> **Records for the task**:
***

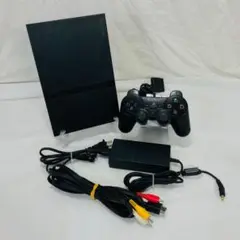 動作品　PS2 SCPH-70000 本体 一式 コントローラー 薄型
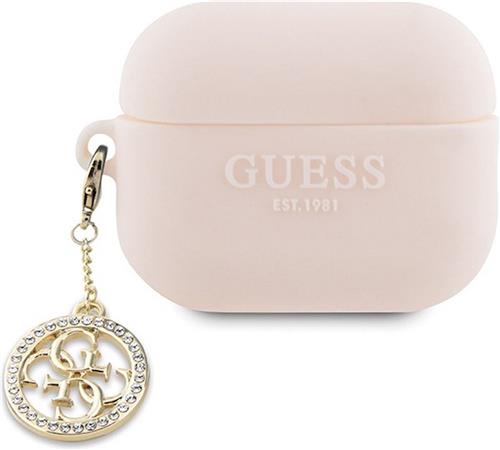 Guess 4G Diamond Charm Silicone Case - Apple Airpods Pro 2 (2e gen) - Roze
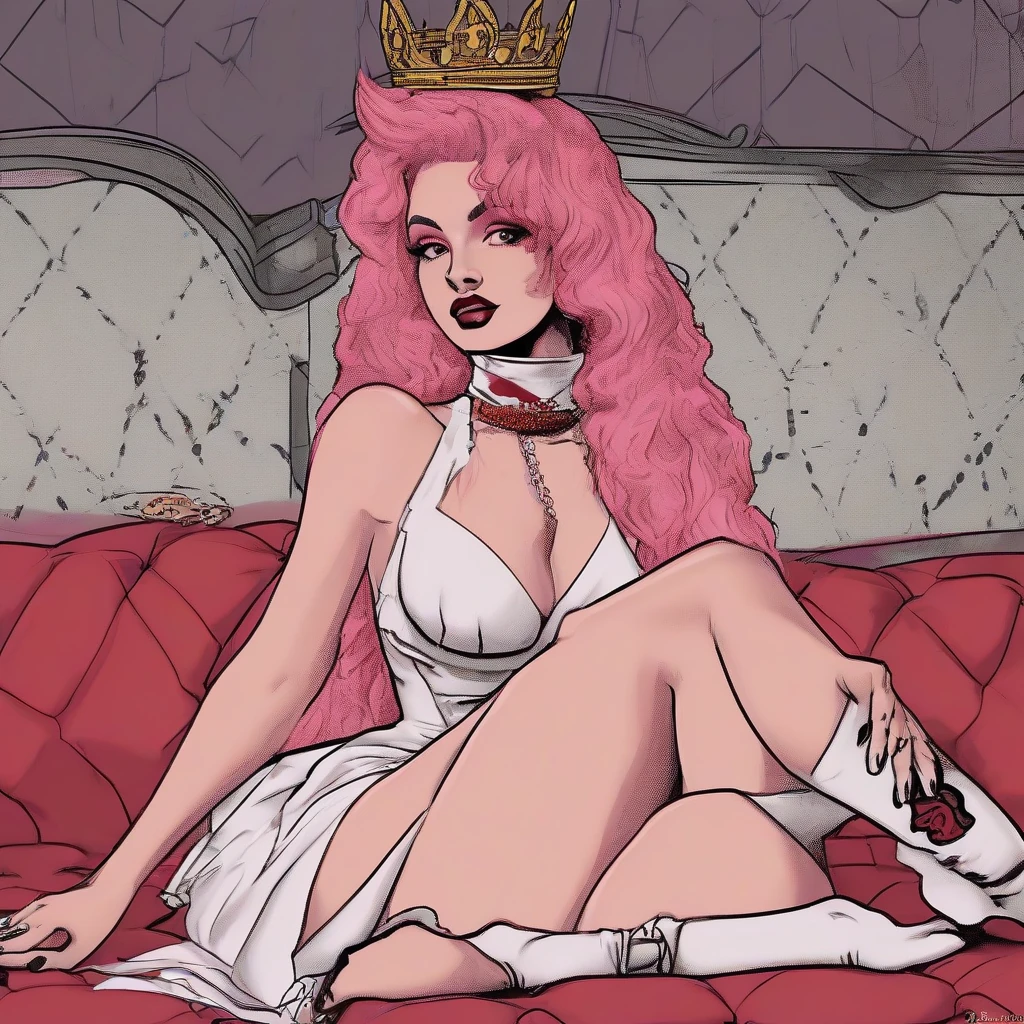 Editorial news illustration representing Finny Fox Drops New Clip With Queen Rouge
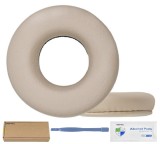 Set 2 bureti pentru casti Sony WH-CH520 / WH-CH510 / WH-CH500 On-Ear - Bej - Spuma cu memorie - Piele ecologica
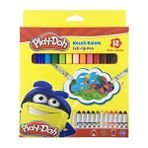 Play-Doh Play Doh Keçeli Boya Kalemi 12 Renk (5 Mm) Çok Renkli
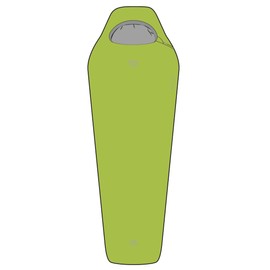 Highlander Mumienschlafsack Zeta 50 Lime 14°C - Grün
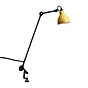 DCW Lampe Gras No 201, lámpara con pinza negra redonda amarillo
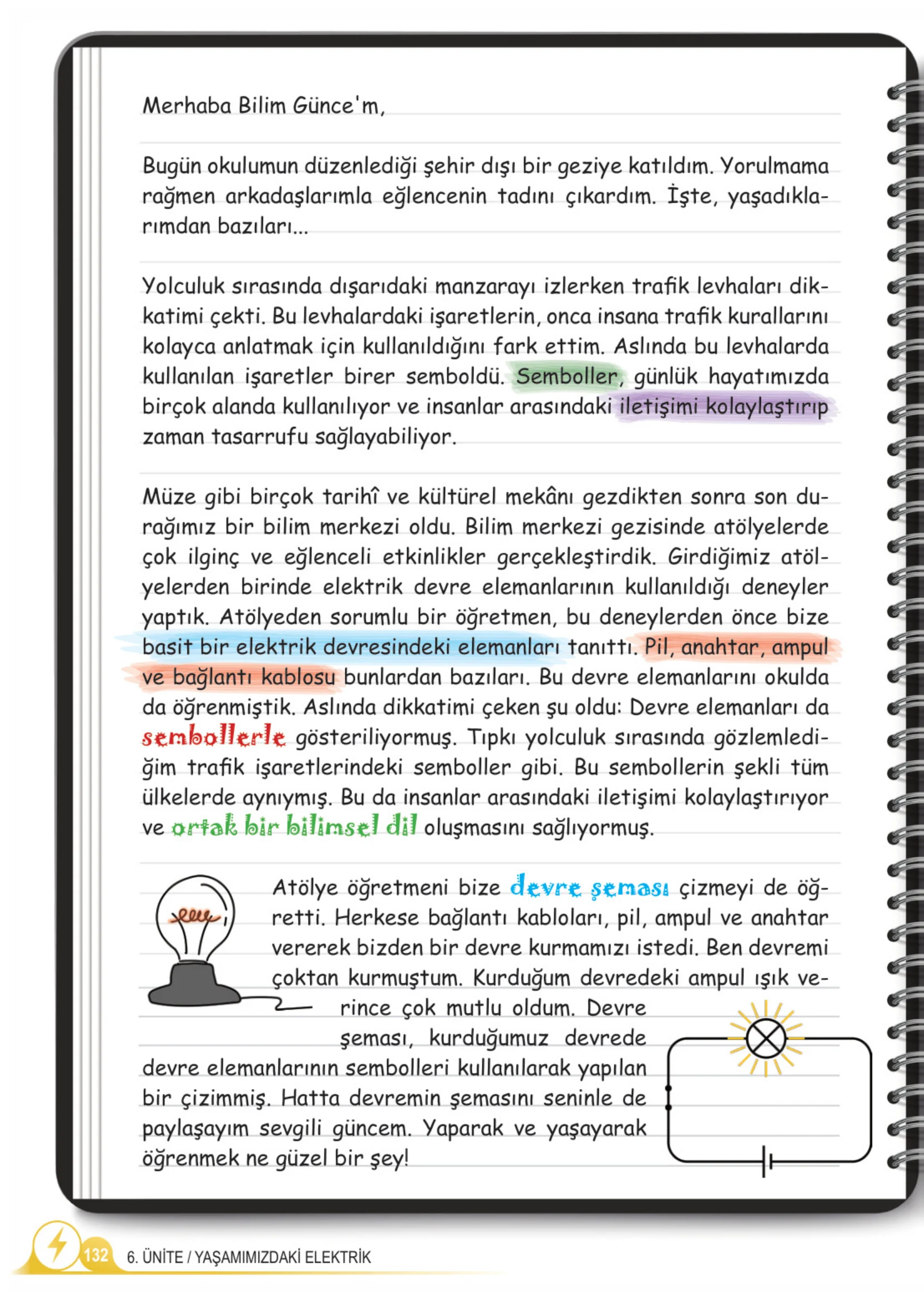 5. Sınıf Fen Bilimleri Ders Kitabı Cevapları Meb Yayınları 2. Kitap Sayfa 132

***

> **Task details**: Transcribe the full listing exactly, but keep every image out of it.

> **Result for this task**:
 動作品　PS2 SCPH-70000 本体 一式 コントローラー 薄型
 Guess 4G Diamond Charm Silicone Case - Apple Airpods Pro 2 (2e gen) - Roze
 Editorial news illustration representing Finny Fox Drops New Clip With Queen Rouge
 Set 2 bureti pentru casti Sony WH-CH520 / WH-CH510 / WH-CH500 On-Ear - Bej - Spuma cu memorie - Piele ecologica
 Play-Doh Play Doh Keçeli Boya Kalemi 12 Renk (5 Mm) Çok Renkli
 Highlander Mumienschlafsack Zeta 50 Lime 14°C - Grün
 DCW Lampe Gras No 201, lámpara con pinza negra redonda amarillo
 5. Sınıf Fen Bilimleri Ders Kitabı Cevapları Meb Yayınları 2. Kitap Sayfa 132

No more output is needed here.